[Problem details]:
From the records that follow, copy every line that contains the word "Auto".

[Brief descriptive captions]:
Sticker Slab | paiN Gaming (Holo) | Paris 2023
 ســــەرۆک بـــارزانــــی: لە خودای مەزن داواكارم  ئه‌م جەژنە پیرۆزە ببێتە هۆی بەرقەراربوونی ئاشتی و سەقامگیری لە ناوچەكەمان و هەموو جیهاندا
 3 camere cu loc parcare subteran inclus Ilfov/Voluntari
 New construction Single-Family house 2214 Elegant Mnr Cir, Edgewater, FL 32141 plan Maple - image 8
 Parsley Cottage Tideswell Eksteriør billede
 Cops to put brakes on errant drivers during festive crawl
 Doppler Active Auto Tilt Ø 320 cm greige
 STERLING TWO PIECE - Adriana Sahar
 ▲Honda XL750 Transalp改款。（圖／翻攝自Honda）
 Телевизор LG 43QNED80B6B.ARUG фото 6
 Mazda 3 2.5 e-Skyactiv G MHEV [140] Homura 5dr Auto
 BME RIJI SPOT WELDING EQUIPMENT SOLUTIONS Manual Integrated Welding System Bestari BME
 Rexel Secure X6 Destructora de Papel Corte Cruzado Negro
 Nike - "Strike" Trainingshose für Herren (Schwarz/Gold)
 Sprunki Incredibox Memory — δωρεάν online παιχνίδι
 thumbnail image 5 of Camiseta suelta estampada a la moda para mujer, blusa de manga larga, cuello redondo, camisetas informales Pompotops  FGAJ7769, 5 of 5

[Completed exercise]:
 Doppler Active Auto Tilt Ø 320 cm greige
 Mazda 3 2.5 e-Skyactiv G MHEV [140] Homura 5dr Auto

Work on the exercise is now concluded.